» Exercise goal
Whatever lies between the line that holds "Townhouse de 4" and the final line of the records below, both included, should be repeated exactly; leave out the pictures and add nothing.

» Recorded information

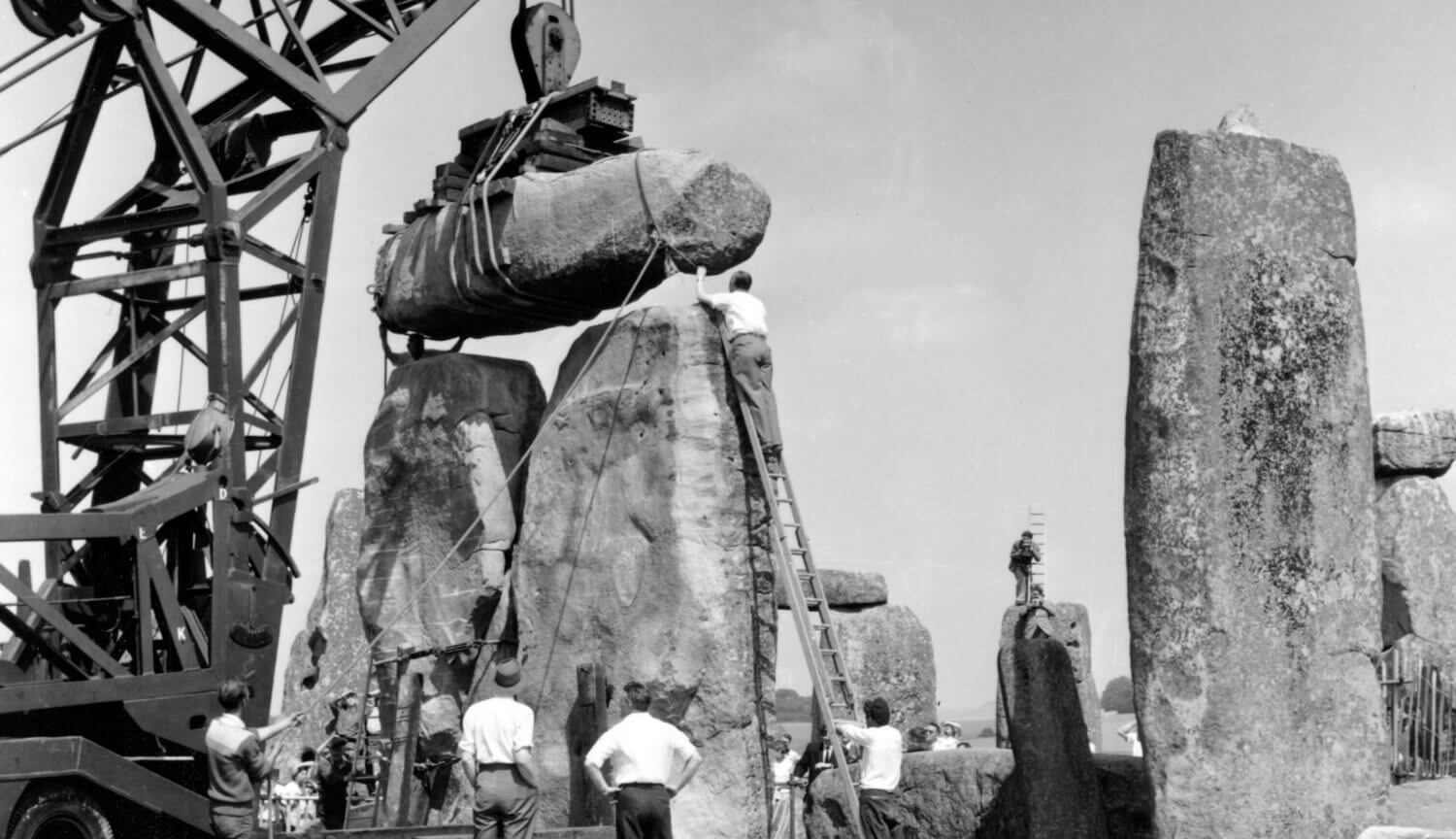 Археолог забрал один из камней Стоунхенджа домой — сын вернул его обратно. Фото.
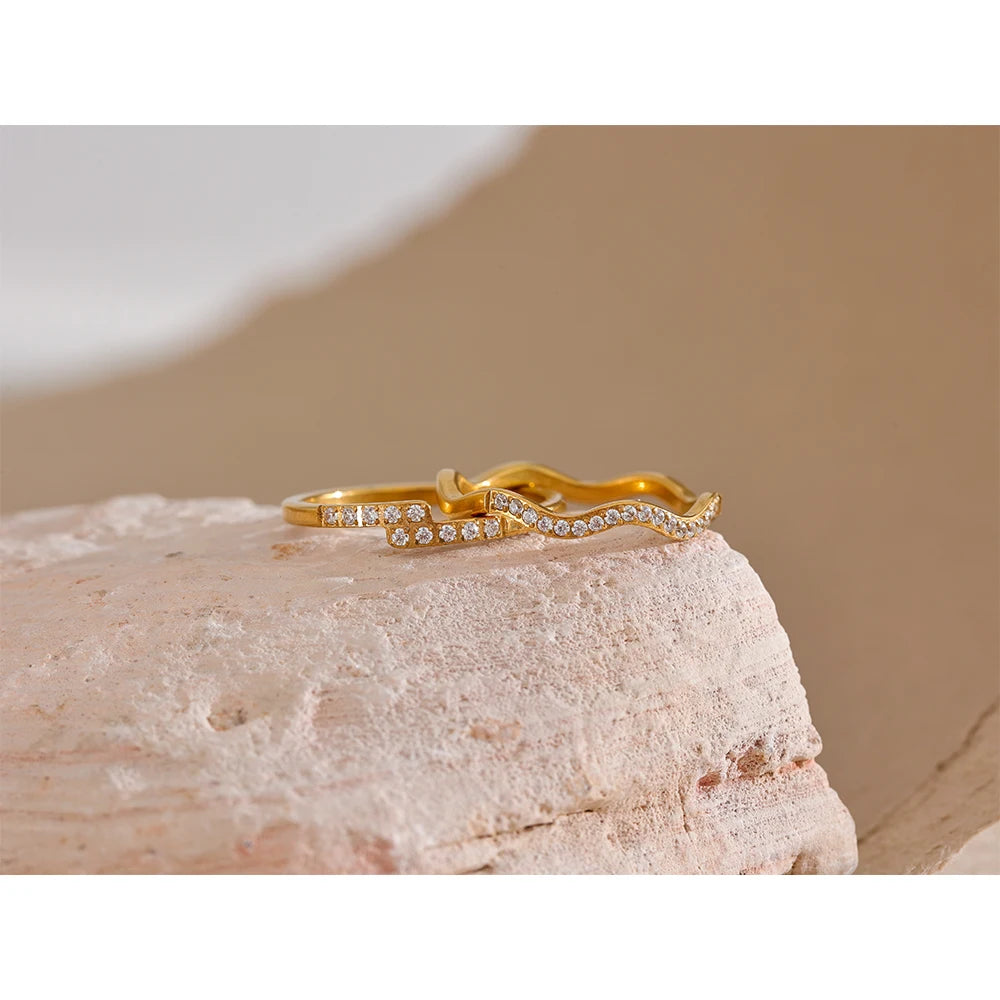 Cubic zirconia geometric ring in 18K gold-plated stainless steel with cubic zirconia.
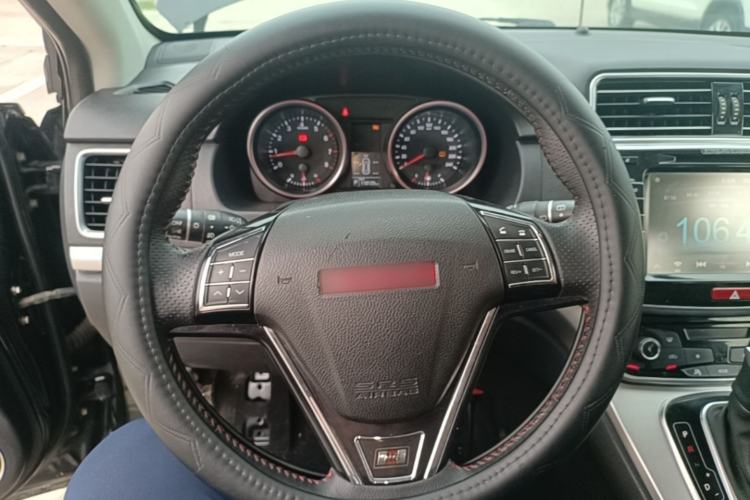 Used Haval H6 2015 Sport Edition 1.5T Automatic Two-Wheel Drive Luxury Model Steering Wheel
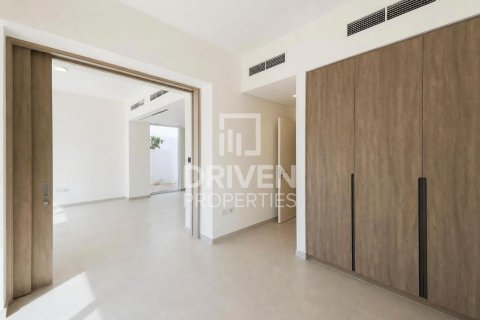 Townhouse de 4 dormitorios en The Valley, UAE No. 214963 6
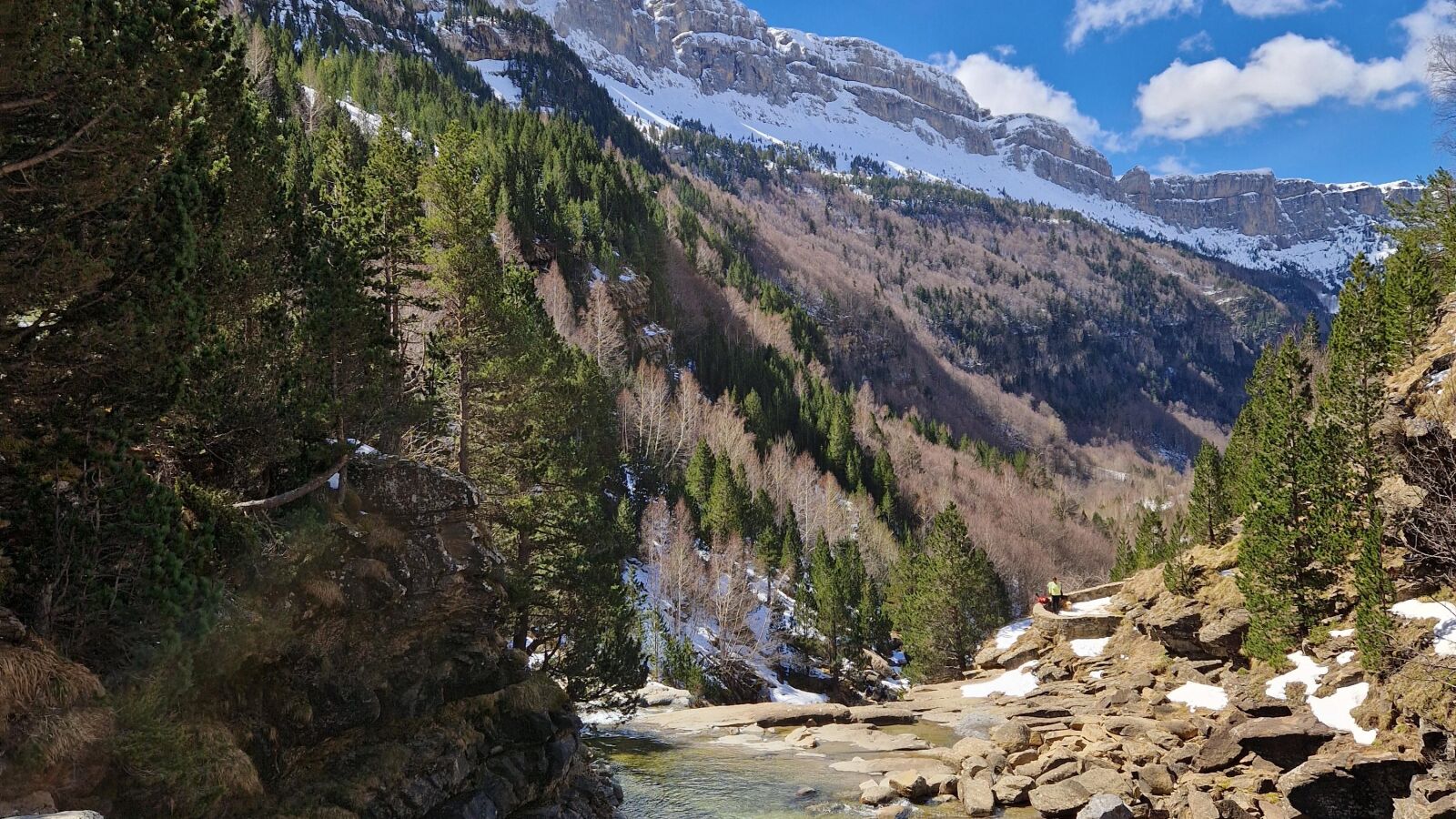 El Pirineo Aragonés: un paraíso vibrante en verano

» Output
 Townhouse de 4 dormitorios en The Valley, UAE No. 214963 6
 El Pirineo Aragonés: un paraíso vibrante en verano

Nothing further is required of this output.